Nevertheless, the overwhelming majority of revenue that fueled budget Clinton-era surpluses came from:
#1 – A booming economy, which produced huge gains in the stock market, fueled in great part by the dot-come bubble, which brought in hundreds of millions in UNANTICIPATED tax revenue from taxes on capital gains and rising salaries.
#2 – Social Security Taxes on payrolls, which brought in revenues far over the cost of benefits paid out .
Clinton was President during a time of historical growth and wealth AND in 6 years (of his 8-year term), President Clinton had a CONSERVATIVE Republican Congress who kept him accountable. During the Clinton years we saw a dot com “industry” built upon the premise you could start, run, and then sell at a profit, without ever earning a profit and without ever INTENDING to earn a profit. By the time Bush took office it was becoming painfully clear the country was headed for a recession, with the actual figures having been hidden for almost a (election) year and the day traders were getting ready to take one big collective arse-kicking.
Then 3000 people were murdered for the serious crime of going to work on 9/11.
You’ll get no disagreement from me re: our republican congress spent like drunken idiots and Bush did us no favors by keeping the VETO pen in his pocket. However, giving Clinton sole credit for eliminating the deficit is about as close to the truth crediting Al Gore for inventing the internet.
Jay D,
Al Gore never claimed that he “invented” the Internet. He merely “took the initiative to create the Internet,” much as God created the universe. You see, he had the inspiration for the Internet.
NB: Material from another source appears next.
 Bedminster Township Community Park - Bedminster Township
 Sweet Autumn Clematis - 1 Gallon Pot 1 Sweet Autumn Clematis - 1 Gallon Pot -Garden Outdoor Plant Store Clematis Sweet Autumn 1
He left the technical details to his archangels at DARPA, who in an incredible display of prescience began working on it about 16 years before Gore was first elected to Congress.
Play the tape:
#1 – Capital always follows opportunity and seeks the most optimal risk/reward ratio.
#2 – Banking is the ONLY sector of America’s economy that saw significant regulatory reform in the last quarter century.
The ‘perfect storm’ essentially begins w/ the Equal Credit Opportunity Act (1974), the Home Mortgage Disclosure Act (1975) and Jimmy Carter’s 1977 Community Reinvestment Act. (BTW, CRA passage credit goes to NPA [National Peoples Action], the activist group we can thank for later Fannie Mae ‘improvements’ and which now pushes “a fair market over a free market” and “community over individualism”.)
Every single administration and congress since is culpable, along with special interest groups (lobbyists for the rich AND the poor), and every American that bought a first (or second) home as ‘an investment’ or used their home as a credit card. Just because the government allows you to do it, doesn’t make it a smart thing to do.
If you actually want to understand what happened in the last 5 years – go back 35. Study the who, what, when, and why of each bank regulation/law, what interest group(s) lobbied for the change, and how banks responded to the change. It’s a study in lack of oversight, foresight, & public interest and a complete disregard by lawmakers to calculate potential unintended consequences of ‘doing good’.
Other than possibly offering some form of historical perspective, this blame game conversation is beyond useless. I agree with HisRoc; let’s ALL take a mea culpa bow, learn whatever lessons can (and should!) be learned, and move forward towards solutions.